|International Cricket Council CEO Malcolm Speed (back row, centre) with young Jamaican cricketers in front of the ‘Bashy Bus’ mobile HIV/AIDS awareness vehicle.|
By David Singh
KINGSTON, Jamaica, 15 March 2007 – Seven weeks of competition in the ICC Cricket World Cup 2007 began on Tuesday with a victory by the West Indies over Pakistan in front of a record crowd of over 16,000 at Jamaica’s Sabina Park.
Another cricket match played yesterday in Spanish Town probably will not get the coverage of all the other games, but it was an important one. Here in Jamaica’s St. Catherine’s Parish, a team known as ‘Safe Sex and Abstinence’, the defending champions, took on ‘Sex and Promiscuity’, the challengers.
The match was part of a presentation by the ‘Bashy Bus Krew’ – a mobile service aimed at disseminating information on AIDS and encouraging responsible sexual decision-making among young people throughout Jamaica. HIV prevention was stressed throughout.
Not surprisingly, Safe Sex and Abstinence prevailed.
Fighting AIDS stigma
Among the spectators on hand were the Chief Executive Officer of the International Cricket Council (ICC), Malcolm Speed, and ICC Manager of Member Services and Corporate Affairs Jon Long. Mr. Speed announced that professional cricketers and other eminent personalities from the Caribbean will make a series of visits to HIV/AIDS programmes during the seven-week ICC Cricket World Cup.

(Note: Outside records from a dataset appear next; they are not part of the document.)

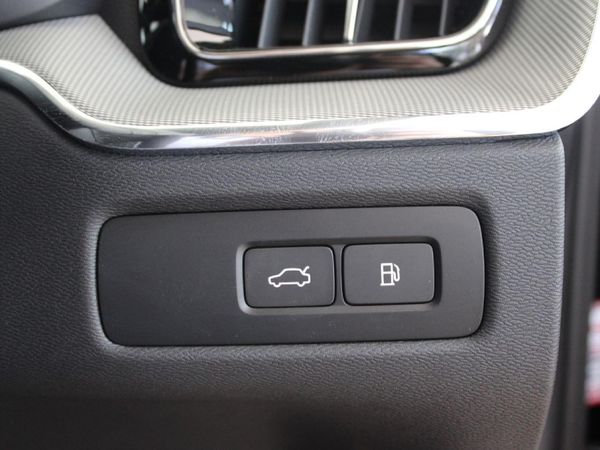 2025-Volvo-XC60-T8-Twin-Engine-Ultimate-Dark-AWD image:24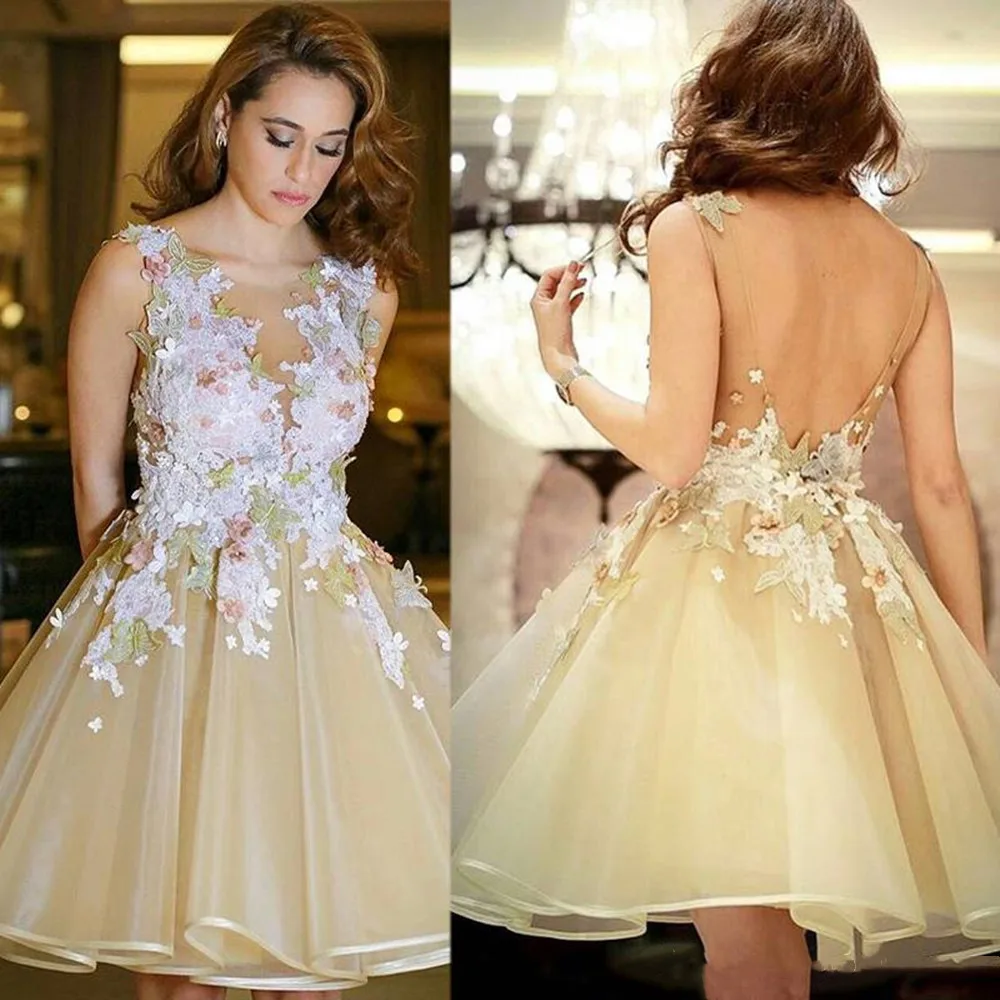 

Charming Yellow Knee Length A Line Homecoming Dresses Scoop Neck Backless Appliques Graduation Party Dress Organza Short Prom Dr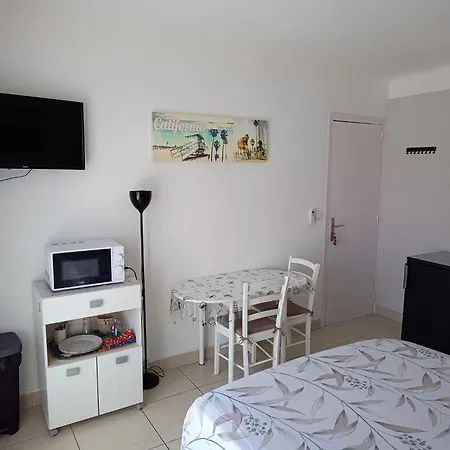 Studio Meuble Cosy Proche Clinique St Pierre, Wifi, A 10 Minutes De La Plage, *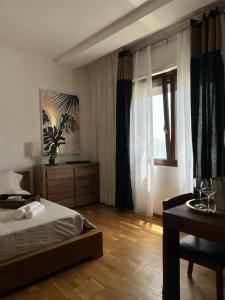 - une chambre avec un lit, une table et une fenêtre dans l'établissement Bed and Breakfast Onde Beach, à Su Forti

“Hopefully these visits can help alleviate discrimination and stigma,” he said, noting that 30 per cent of people living with HIV are from the world’s cricket-playing countries.
|© AP Photo/Leighton|
|Accompanied by a young boy wearing an AIDS campaign t-shirt, Sri Lanka’s cricket team waves during the opening ceremony of the ICC Cricket World Cup 2007 at Trelawny Stadium in Jamaica on 11 March.|
Mr. Speed’s statement followed on last week’s declaration of a new partnership between the ICC, UNICEF, UNAIDS and the Caribbean Broadcast Media Partnership in support of the Unite for Children. Unite against AIDS global campaign.
‘The right to know’
Throughout the ICC Cricket World Cup 2007, the partnership will remind cricket fans about the importance of protecting children and young people against HIV and AIDS.
“We must fulfil their rights to information, sex education, skills, voluntary confidential testing and counselling. They have the right to know about AIDS, and they have the right to know their status,” said UNICEF Representative in Jamaica Bertrand Bainvel.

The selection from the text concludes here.